AIM OF THE EXERCISE – Without the pictures, write out all the lines below exactly as they appear.

[Short web captions]
☆ ☆ ☆ ☆ ☆ ☆ ☆

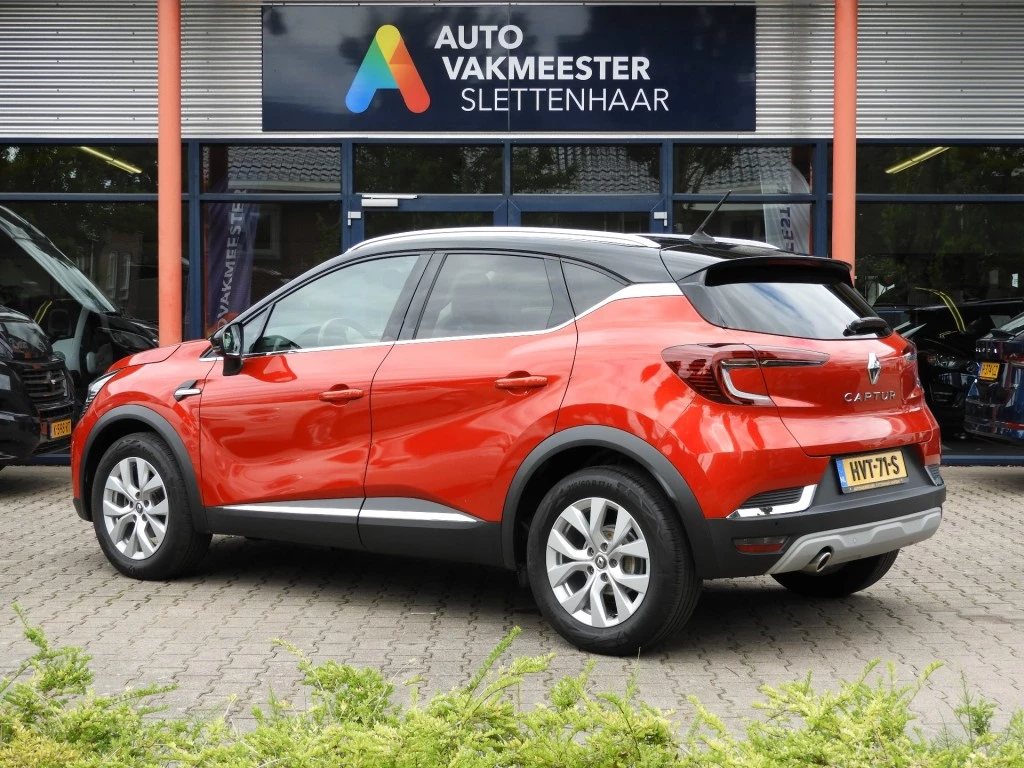 Hoofdafbeelding Renault Captur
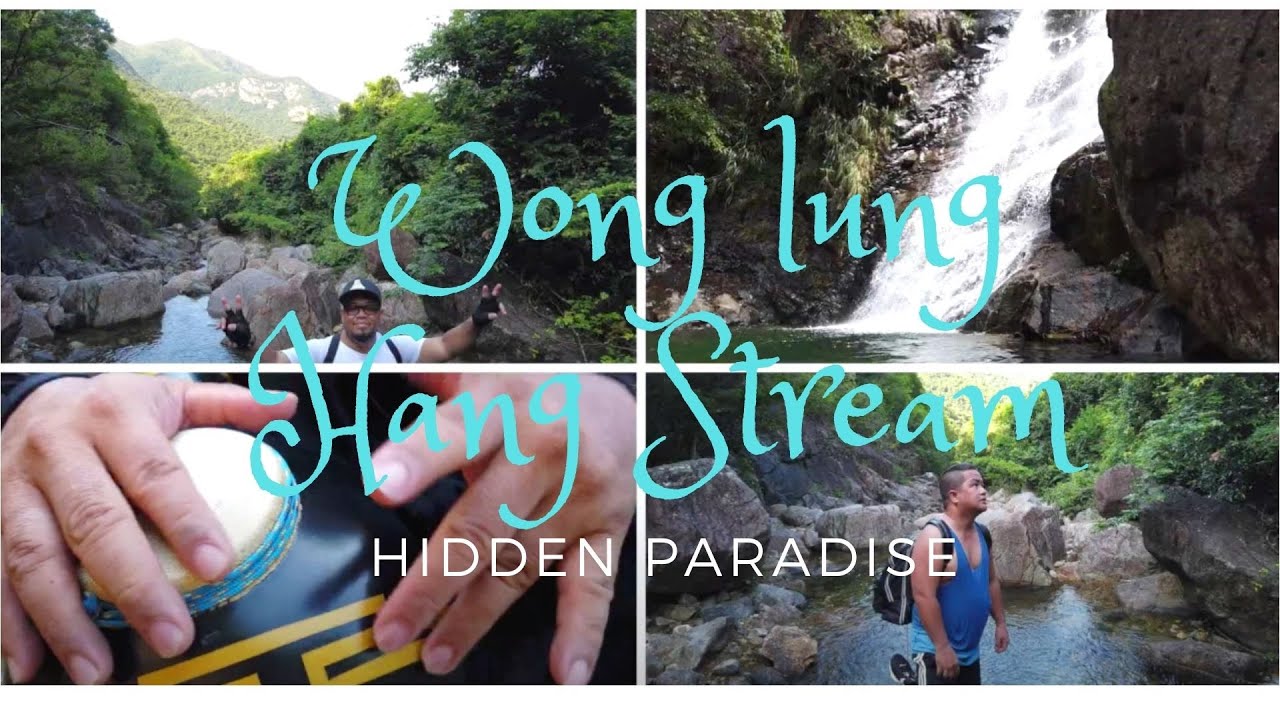 Wong Lung Hang Stream I Hidden Paradise
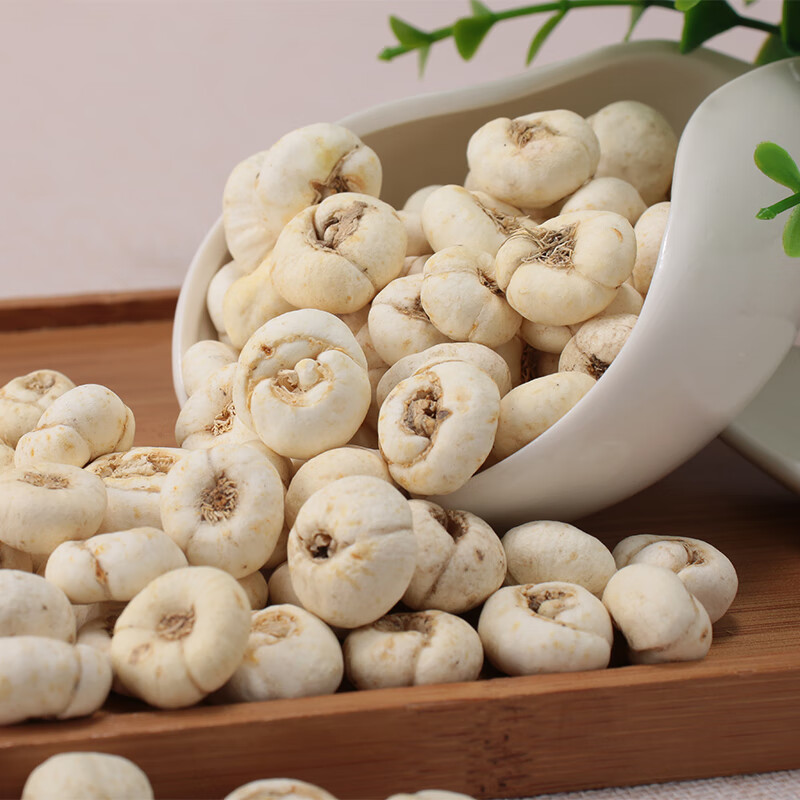 贝母粉干货川贝粉做雪梨膏中药材平贝母四川阿坝正宗纯野生川贝【图片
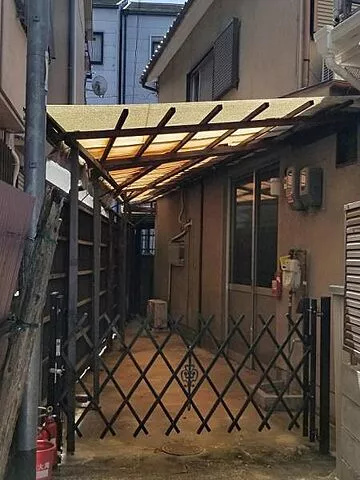 Used single-family home, Ukyo Ward, Nishikyogoku Hatada Town, used house
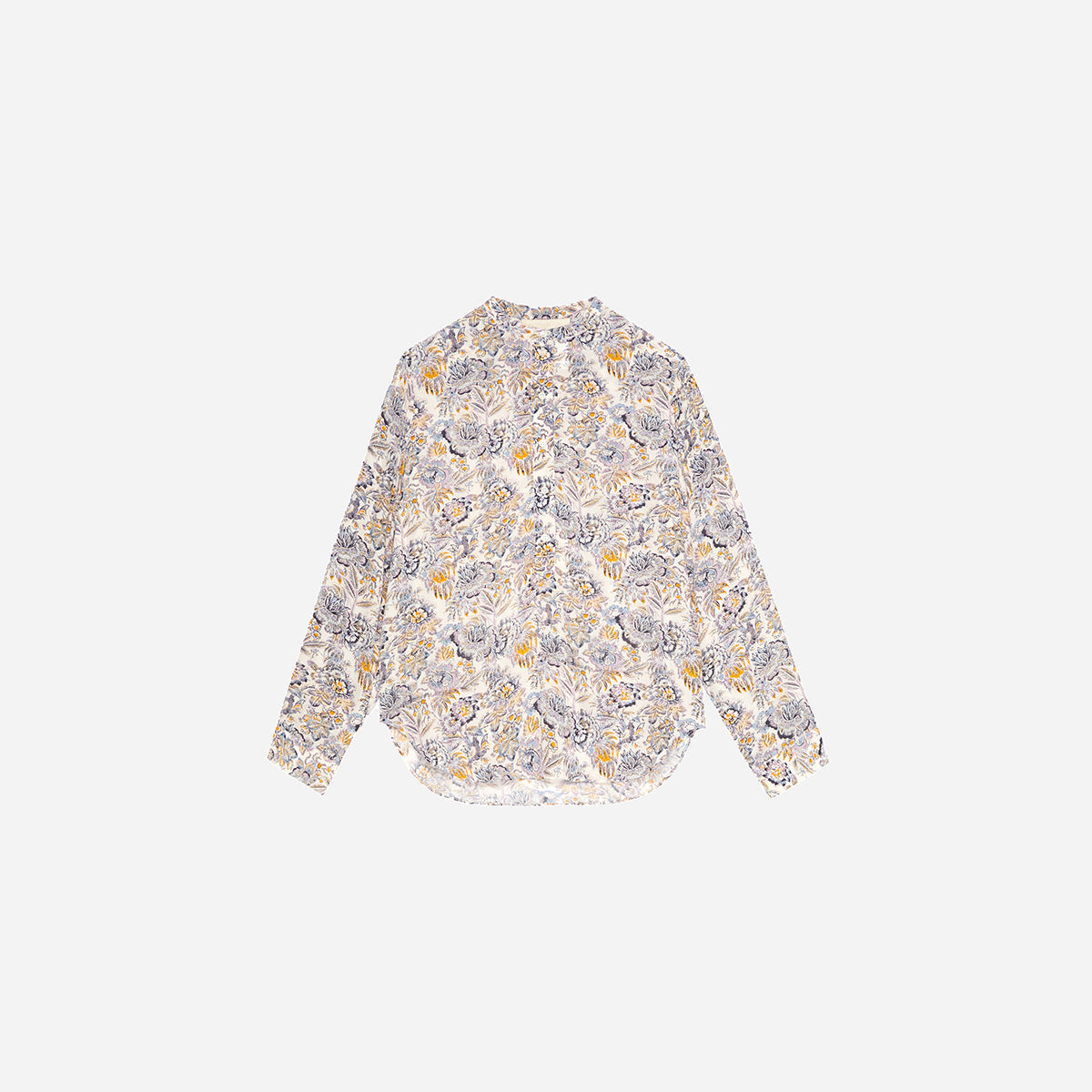 Vanessa Bruno - Blouse Ilea - White Multicolor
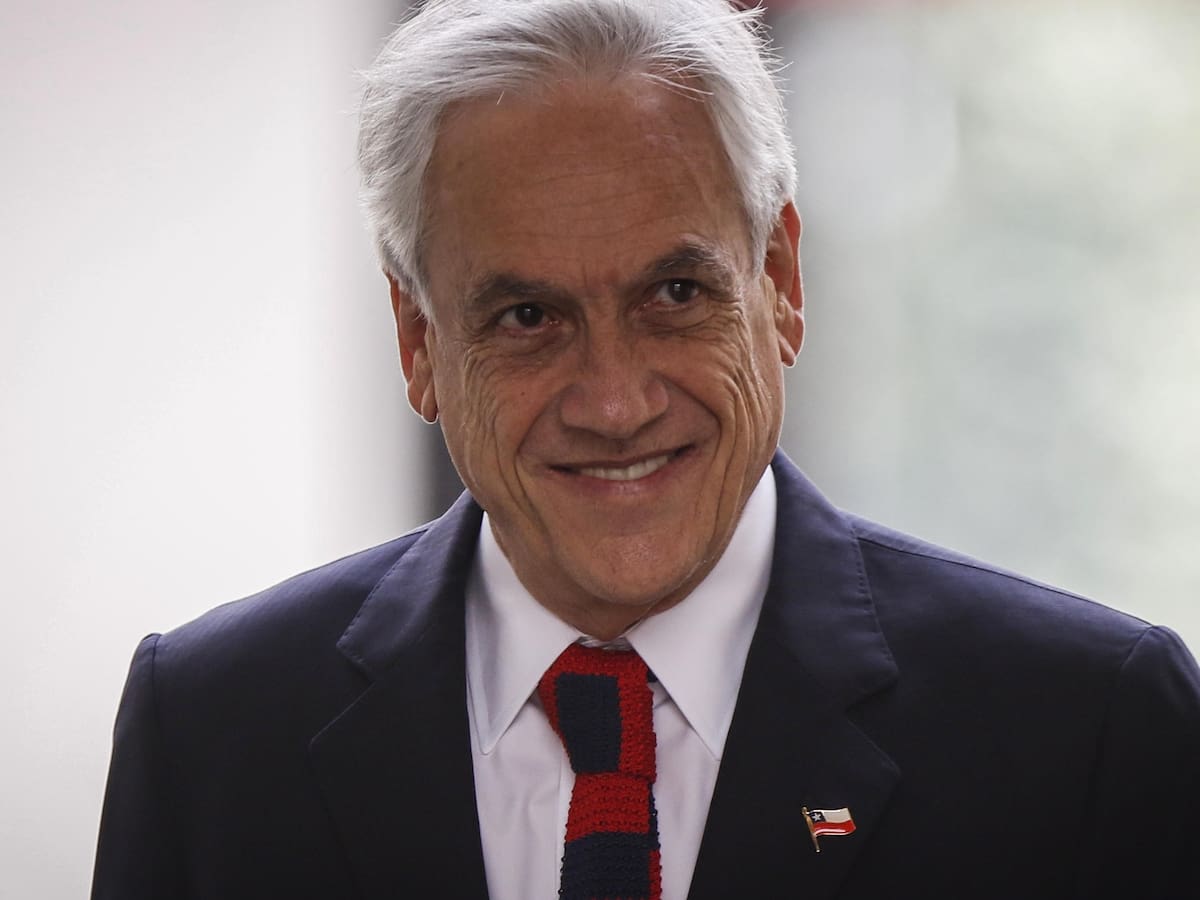 Presidente Piñera por recesión económica producto de la pandemia: «Estamos viendo la luz al final del túnel»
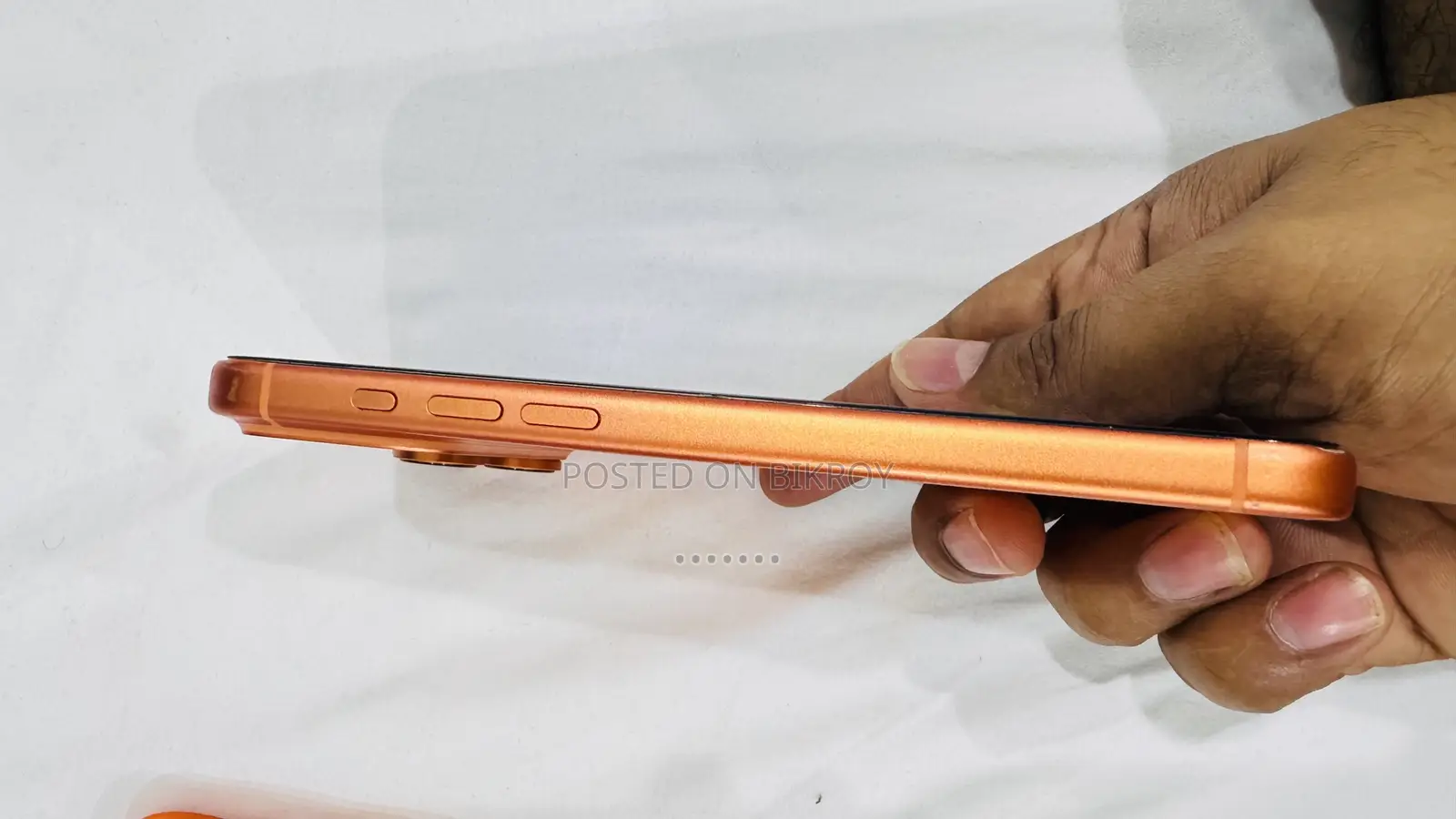 Apple iPhone 17 Pro Max 256 GB Orange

☆ ☆ ☆ ☆ ☆ ☆ ☆

REPLY TO THE EXERCISE –
 Hoofdafbeelding Renault Captur
 Wong Lung Hang Stream I Hidden Paradise
 贝母粉干货川贝粉做雪梨膏中药材平贝母四川阿坝正宗纯野生川贝【图片
 Used single-family home, Ukyo Ward, Nishikyogoku Hatada Town, used house
 Vanessa Bruno - Blouse Ilea - White Multicolor
 Presidente Piñera por recesión económica producto de la pandemia: «Estamos viendo la luz al final del túnel»
 Apple iPhone 17 Pro Max 256 GB Orange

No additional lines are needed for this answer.